> RECORDS SUPPLIED
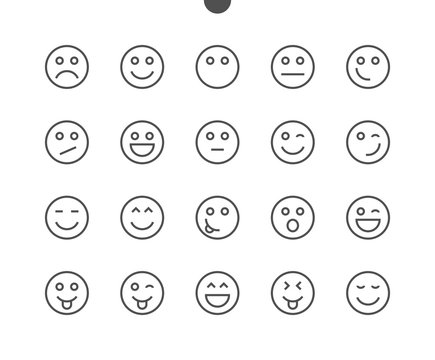Emotions UI Pixel Perfect Well-crafted Vector Thin Line Icons 48x48 Ready for 24x24 Grid for Web Graphics and Apps with Editable Stroke. Simple Minimal Pictogram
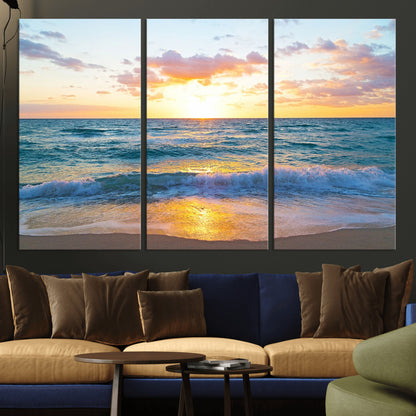 78006-MGV-CV-36X24-Golden Sunrise Ocean Wall Art – Panoramic Beach Waves Canvas Print, Coastal Seascape Artwork for Living Room, Bedroom, Office, or
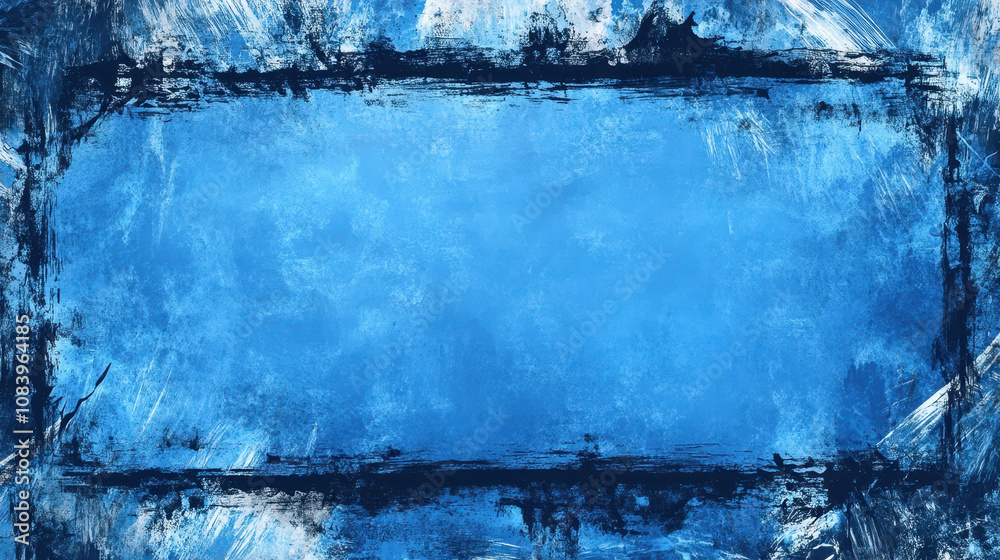 Obraz premium Abstract deep blue grunge frame with rough textured edges.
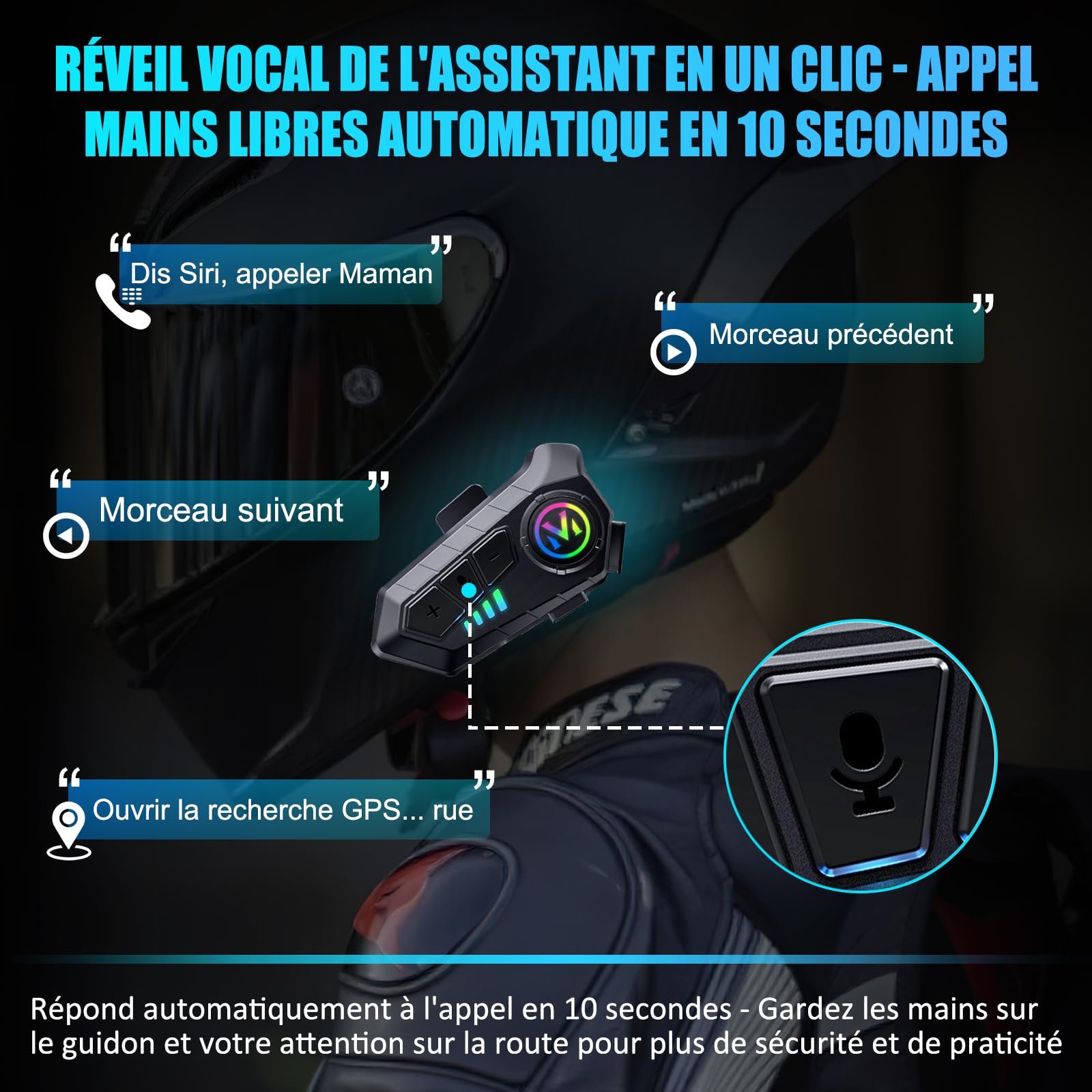 FEYA Écouteurs Casque Moto-Autonomie Exceptionnelle,Kit Main Libre Moto avec HiFi Haut Parleur Micro Soft/Hard Intelligente Réduction du Bruit Étanche IPX6/Réponse Auto/Sans Fonction D'interphone-Y100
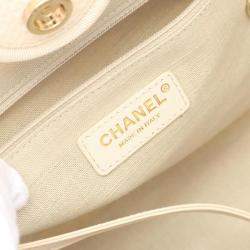 Chanel Beige Canvas Leather Deauville Small Bag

> WORK TO BE COMPLETED
Copy the records exactly, minus any pictures.

> WRITTEN REPLY
Emotions UI Pixel Perfect Well-crafted Vector Thin Line Icons 48x48 Ready for 24x24 Grid for Web Graphics and Apps with Editable Stroke. Simple Minimal Pictogram
 78006-MGV-CV-36X24-Golden Sunrise Ocean Wall Art – Panoramic Beach Waves Canvas Print, Coastal Seascape Artwork for Living Room, Bedroom, Office, or
 Obraz premium Abstract deep blue grunge frame with rough textured edges.
 FEYA Écouteurs Casque Moto-Autonomie Exceptionnelle,Kit Main Libre Moto avec HiFi Haut Parleur Micro Soft/Hard Intelligente Réduction du Bruit Étanche IPX6/Réponse Auto/Sans Fonction D'interphone-Y100
 Chanel Beige Canvas Leather Deauville Small Bag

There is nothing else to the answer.